「サイバーハイジーンが重要だ」ということは理解している。しかし現実には、パッチ適用率の集計やレポート作成に毎月何時間もの手作業が発生し、Tanium専任担当1〜2名のチームでは手が回らない——。本記事では、「全自動」という幻想にとらわれず、大企業が段階的にサイバーハイジーン運用を自動化していくための3つのステップを解説します。
目次
- 「サイバーハイジーンは大事」は分かっている。でも、手が回らない
- 手作業依存のサイバーハイジーンが限界を迎える3つの理由
- 「全自動」は幻想 — 段階的自動化という考え方
- 大企業が実践すべき3つの自動化ステップ
- 自動化がもたらす変化 — 「火消し」から「未然の対応」へ
- まとめ — 最初の一歩は「現状の棚卸し」から
「サイバーハイジーンは大事」は分かっている。でも、手が回らない
「サイバーハイジーンをやらなければ」——経営層からそう言われているセキュリティ担当者は多いのではないでしょうか。

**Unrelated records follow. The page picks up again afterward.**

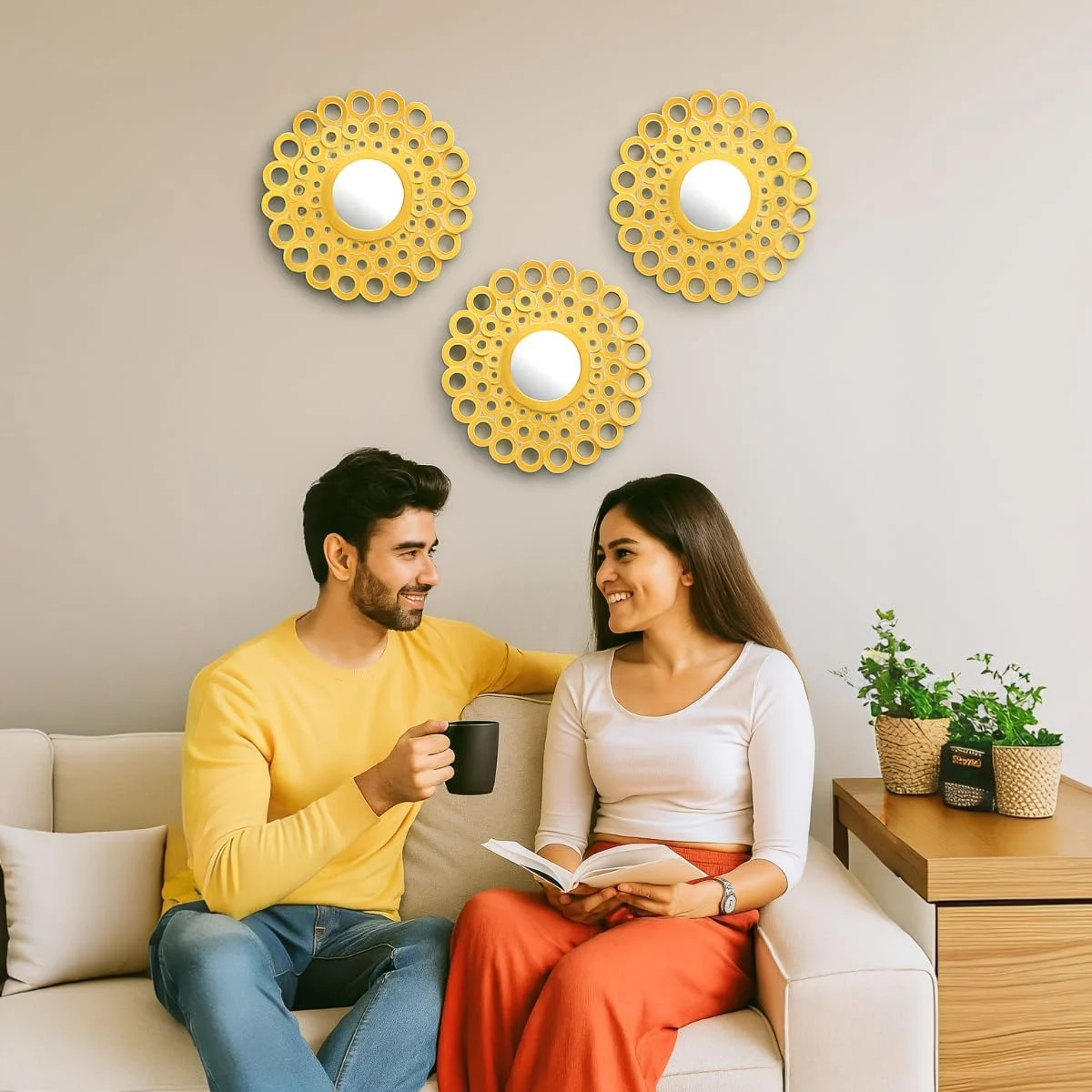 ست سه تایی آینه های تزئینی دیواری با قطر 25 سانتیمتر، مناسب اتاق نشیمن، دکوراسیون منزل و اتاق خواب، آینه های گرد آویز - طلایی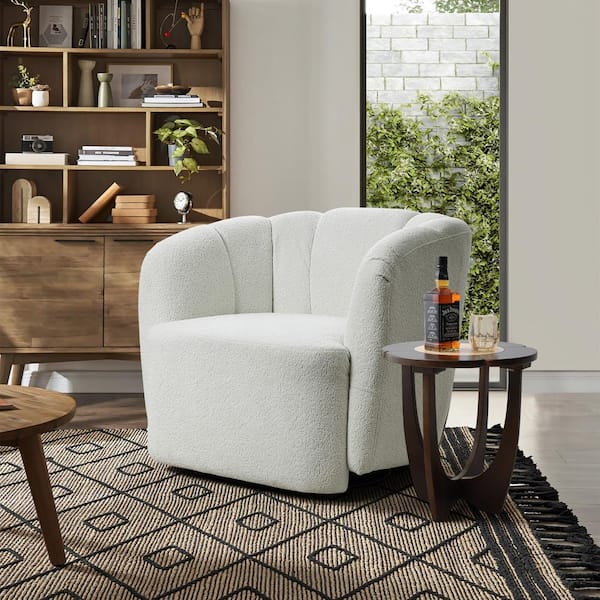 Modern Ivory Upholstered Boucle Swivel Barrel Occasional Chair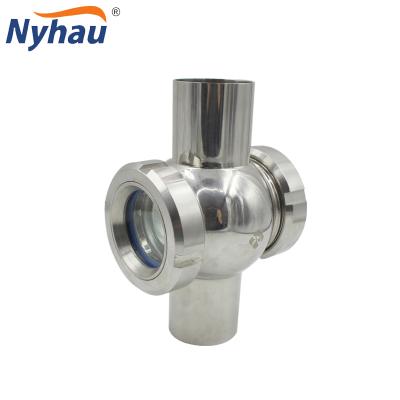 China Beer/dairy drink/pharmaceutical/tank custom glass stainless glass nyhau equipment sight glass tee cross sight sight level fitting steel pipe for sale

タニウムの調査によれば、従業員5万人以上の大企業では約半数がサイバーハイジーンを全社規模で実施しています。「やっている」企業は確実に増えています。
しかし、その裏側で起きている現実はどうでしょうか。
多くの企業が、Taniumを有効活用する体制が整わない状態で導入・運用を開始しています。Taniumを導入した結果、これまで見えていなかった大量の問題が可視化される。パッチ未適用の端末、非管理端末、設定の不整合……。しかし、それに対応するのはTanium専任1〜2名のチーム。しかも他のセキュリティツールの運用も兼務しています。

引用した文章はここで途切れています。